昨日のブログで少しふれましたが、一昨日の最大の話題はこの記事です。
http://www.asahi.com/politics/update/0116/NGY200901160004.html
来年度、大幅な財源不足におちいる愛知県は、県職員の毎月の給料を6%、期末勤勉手当を4%の削減案を職員組合に提示したというものです。
このブログをご覧の方は、気がつかれたかと思いますが、私は愛知県の出先機関に勤めています。
このごろの経済状況を考えると、近いうちに給与の削減の話が出てくることは想像していましたし、ある程度のことはやむを得ないというのが正直な感想です。
県の職員給与については、多くの誤解があると思いますので、少し説明させていただきますが、県内の中堅どころの企業の社員の給与を調べ、役職や勤務年数など条件のよく似た社員の給与を参考にして、人事委員会勧告が行われ、その勧告をもとに給与改定が行われます。比較的給与の高い大手自動車関連の企業や金融機関、マスコミなどの給与はほとんど算定に入っていません。
年末の地元のあるテレビ番組の中で、民間に比べて県の平均給与が非常に高いように放送されていましたが、比較している給与の根拠が示されていないもので、作為的なものを感じる内容でした。
私個人としては、確かにバイクや車で走り回って遊んではいますが、お酒を飲みに行ったり、パチンコや競馬などの賭博は全くしません。それほど遊興費は必要としないので、今回の削減額であれば、少々給与が削減されても、貯蓄に回す金額が減るだけでやっていけそうです。
しかし、職員給与の削減というのは、愛知県という行政機関が行う政策としては、社会的経済的役割を理解していないように思えて、残念になりません。
国でさえ、緊急経済対策として財政出動を行おうとしています。もちろん、効果が疑問名ものや完全にずれているものもありますが…。
今の経済社会状況で、国に準じる行政機関である県が緊縮財政をとるということは、地域の経済をさらに落ち込ませる危険性があります。
職員の給与を安易にカットすれば、民間の給与にも大きな影響を与えることが予想されます。儲からないから、給与をカットするという経営者が出てくることは想像できますし、派遣などの非正規雇用者の次は正規雇用者の給与カットという方向になるでしょう。
実は、職員の給与の支払い総額を減らし、経済にあまり影響を与えない方法はあるのです。
ひとつの方法としては、削減する給与の相当額を、中期の低利の県債で支払うという方法。
そしてもう一つは、給与削減に併せて労働時間も削減することです。例えば給与を5%削減するとともに、週40時間の労働時間も5%削減38時間にするのです。もちろんこのためには、残業手当の大幅削減や事務事業量と人事評価の見直しも必要です。

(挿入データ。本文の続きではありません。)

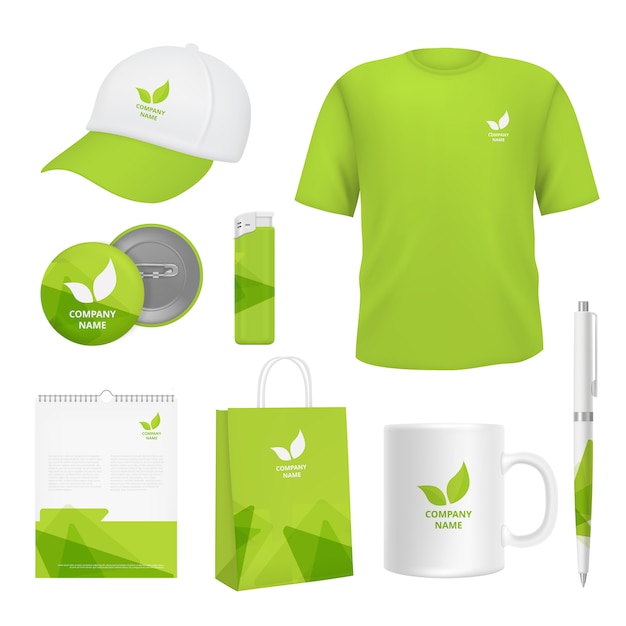 Vector business corporate identity. various souvenirs with advertizing templates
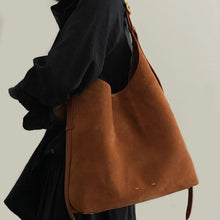 Load image into Gallery viewer, Women's Suede Bucket Shoulder Bag – Genuine Leather Drop-Ear Handbag with Patchwork Detail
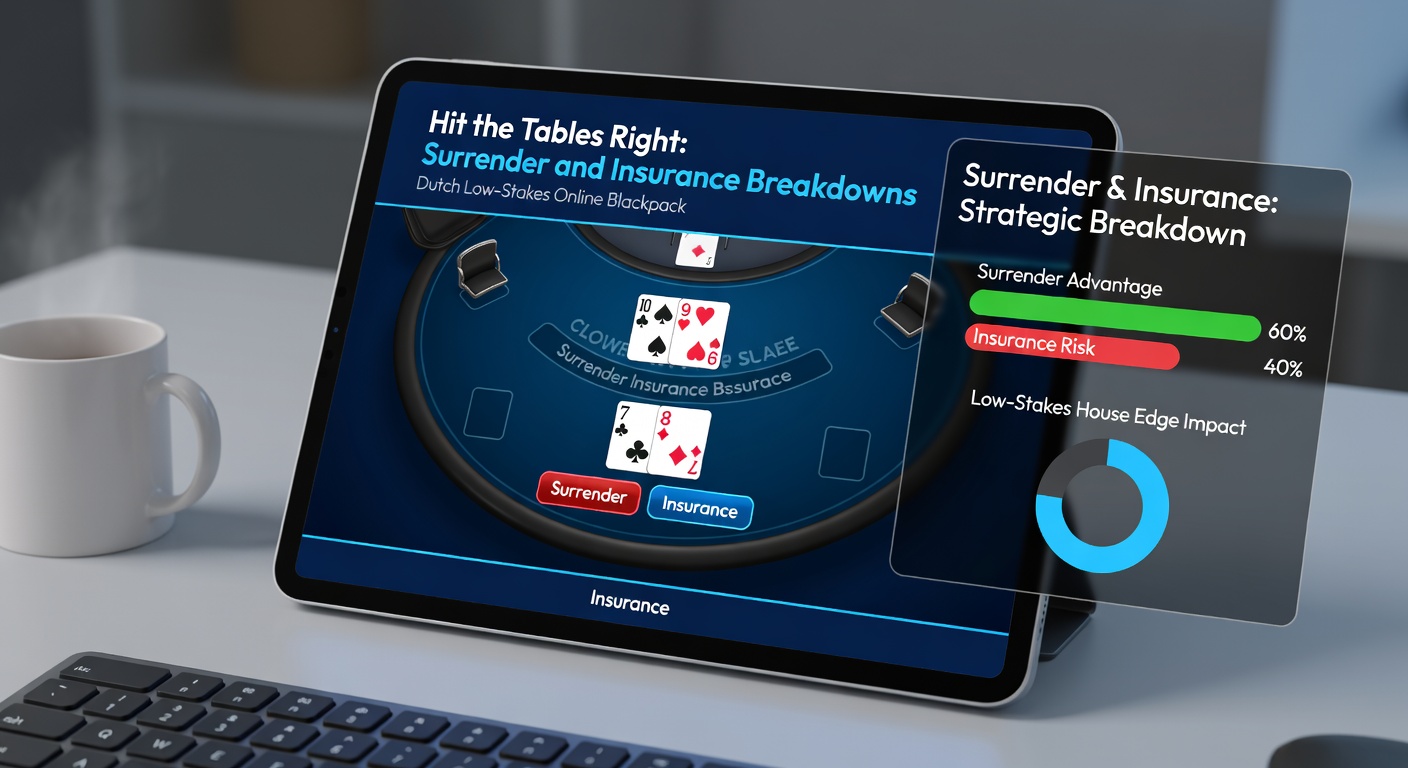 Close-up van insurance bet op een online blackjacktafel met lage inzetten, inclusief dealer ace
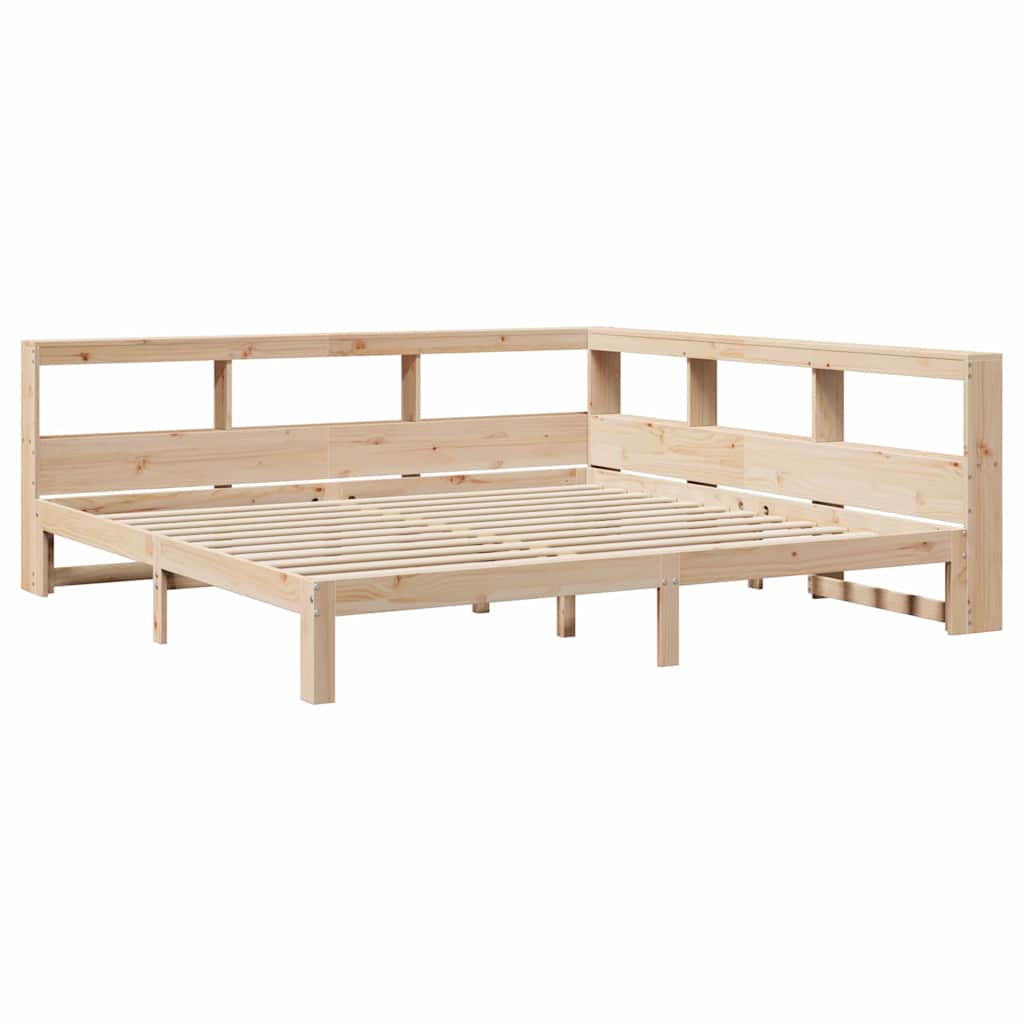 Bookcase Bed without Mattress 200x200 cm Solid Wood Pine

愛知県が平均労働を引き下げなければ、民間企業も給与カットをしづらくなるでしょうし、労働時間の削減を進めれば、民間もそれに追従し、ワークシェアリングを考える企業も出てくるでしょう。
また、経済が冷え込んでいる理由のひとつは、自動車や電化製品などの大型耐久消費財の販売不振があります。たとえば県職員に10万円以上の高額商品を購入することを促進するような施策も内需を促進するひとつの方法でしょう。
ひょっとすると、今回の世界的な不況は、新しい社会や経済のシステムを創り出すチャンスかもしれません。
ただし、今回の給与削減の提示には、不信感を伴う部分があります。
それは、現時点で、幹部職員の給与削減の方針が示さず、職員の給与削減のみが先行していることと、すべて既成事実のように地元マスコミで報道されていることです。
県職員のほとんどは、愛知県が危機的財政状況にあることを理解しています。その対策についてどうすべきかを、県職員全員にアンケートなどで意見を出させるような機会があってもいいと思うのです。
さて、この県職員の給与の削減案がどうなっていくのか、とても気がかりです。
職員の平均年齢が高いから平均給与も見かけ高くなるだけのことで、同じ年齢で民間と比較したら、同じかそれ以下です。
前回の万博前の給与カット、給料表の改悪、モチベーションは下がってばかりで、先は暗いですね
給与水準のことは、これまでちゃんと対外的に説明してこなかったことに責任があると思います。
現在の社会状況から歳入不足は明かです。
だから単純に給与カットという姿勢は、あまりに短絡的すぎます。
自分たちの社会的に置かれている立場などをしっかり「考えていない」ことが一番の問題点でしょう。
「人はパンのみ生きるにあらず。」知事や組織のためではなく、声なき県民の喜ぶ顔が見られるような仕事ができることを誇りとしていきたいと思っています。